▶ **Problem statement**: With the images removed, return every line below exactly as it reads.

Top of Data excerpt

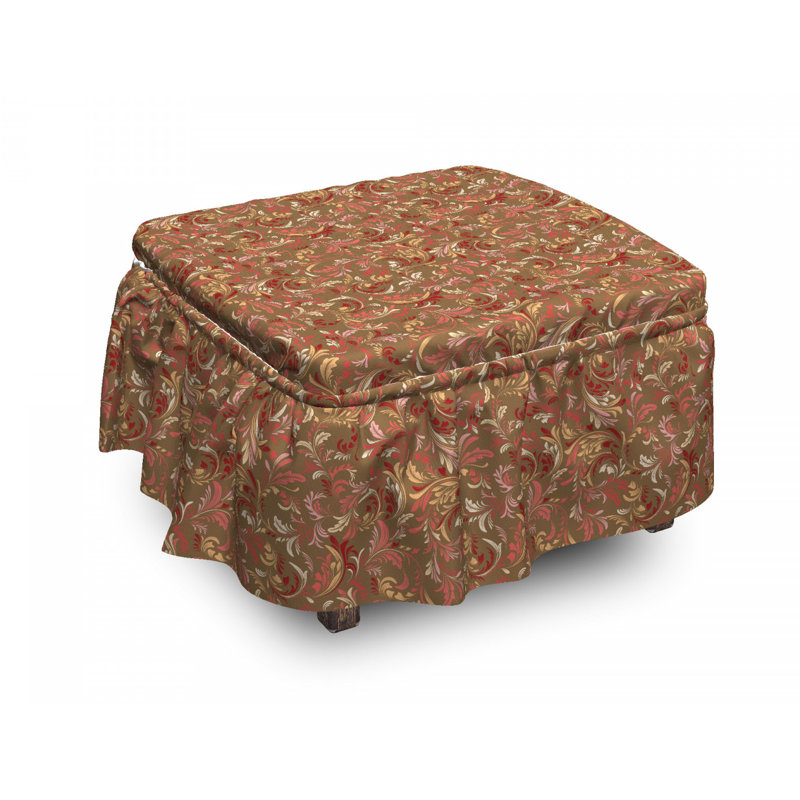 Ensemble de housse pour repose-pieds à coussins carrés 2 pièces nostalgique victorian classic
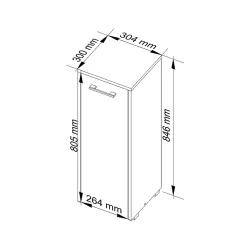 Armoire salle de bains AKORD FIN Blanche 30 cm 1 porte façade Chêne Sonoma 2 étagères 30x30x85 cm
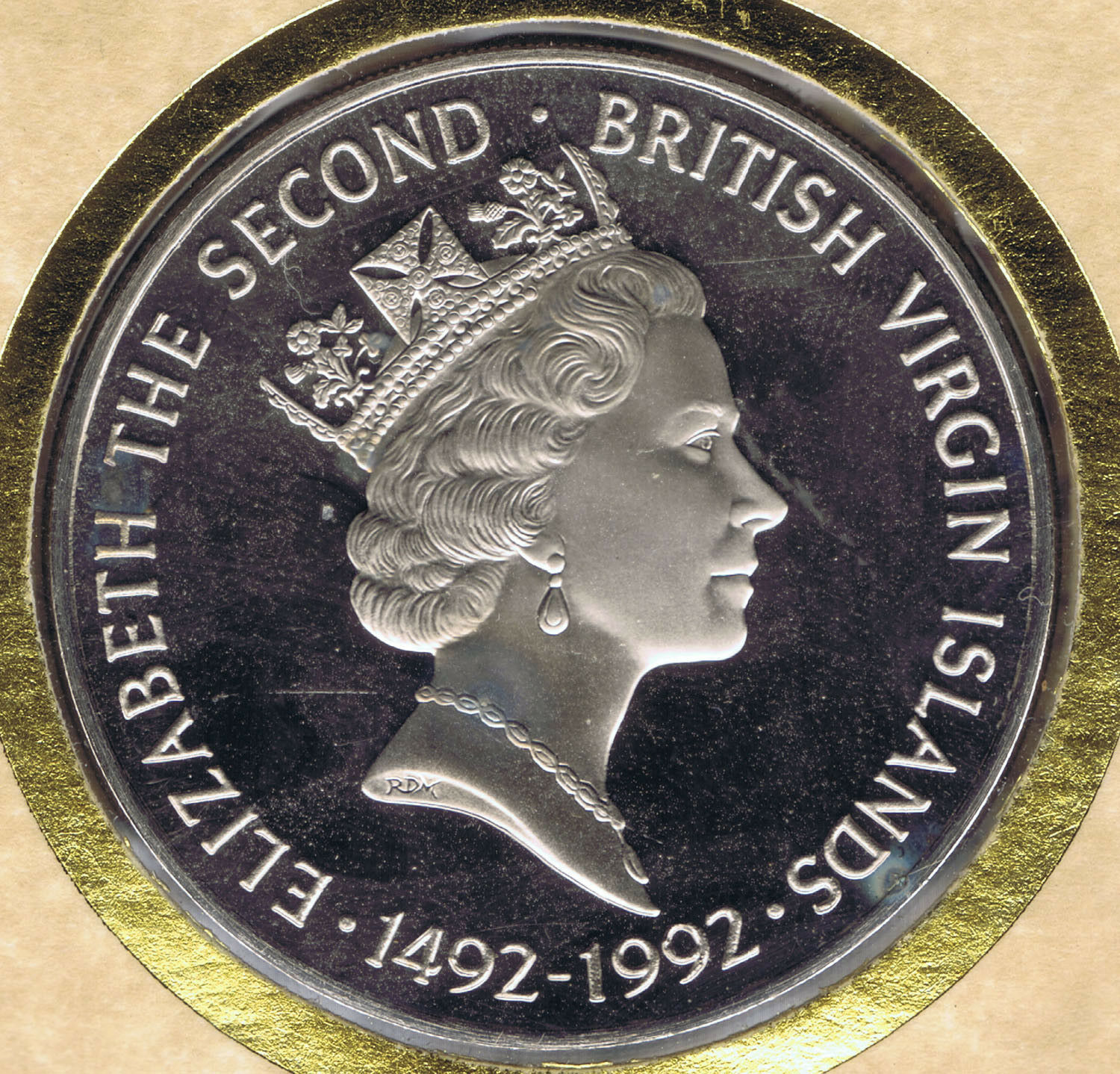 BRITISH VIRGIN ISLANDS COLUMBUS 1992 UNC COIN PACK with INFO & GOV'T CoA BVI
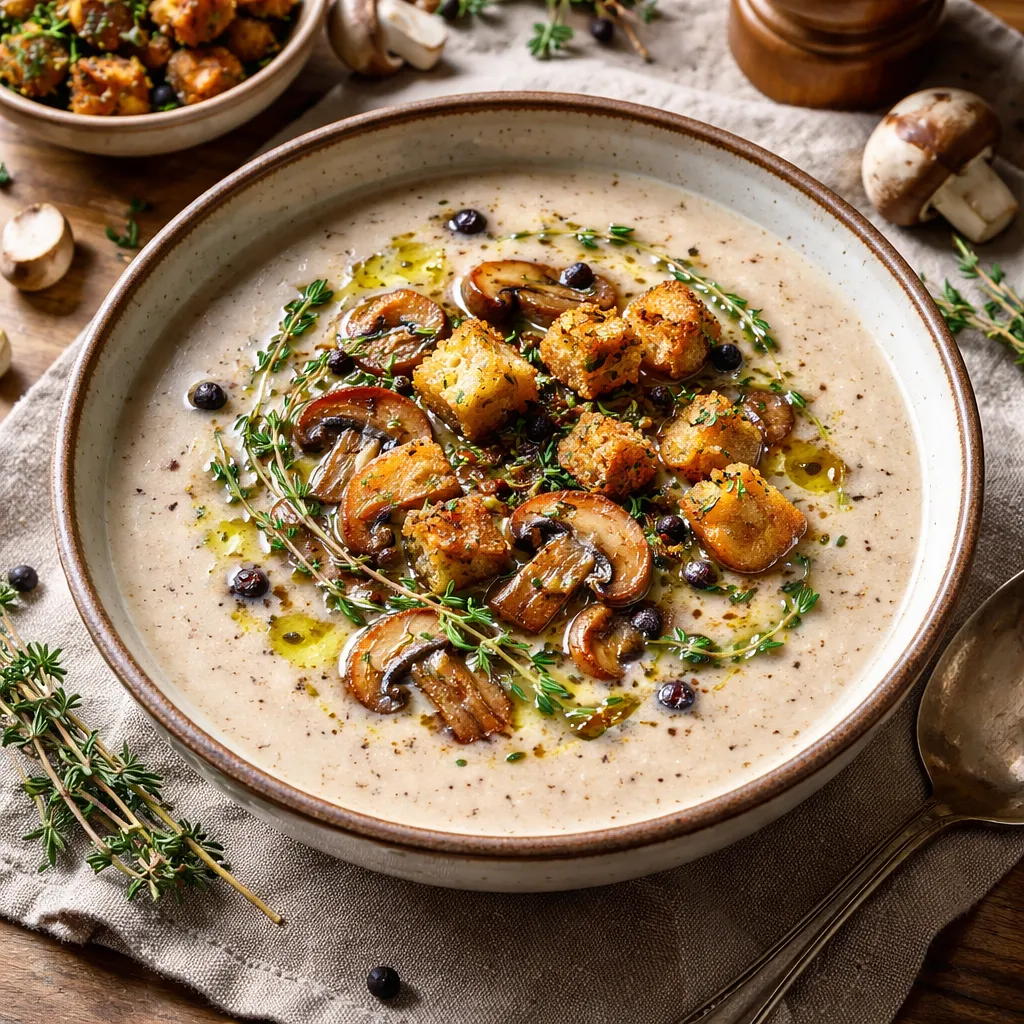 Creamy Mushroom Soup with a Hint of Juniper and Herbed Croutons - photo 1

Bottom of Data excerpt

▶ **Answer box**:
 Ensemble de housse pour repose-pieds à coussins carrés 2 pièces nostalgique victorian classic
 Armoire salle de bains AKORD FIN Blanche 30 cm 1 porte façade Chêne Sonoma 2 étagères 30x30x85 cm
 BRITISH VIRGIN ISLANDS COLUMBUS 1992 UNC COIN PACK with INFO & GOV'T CoA BVI
 Creamy Mushroom Soup with a Hint of Juniper and Herbed Croutons - photo 1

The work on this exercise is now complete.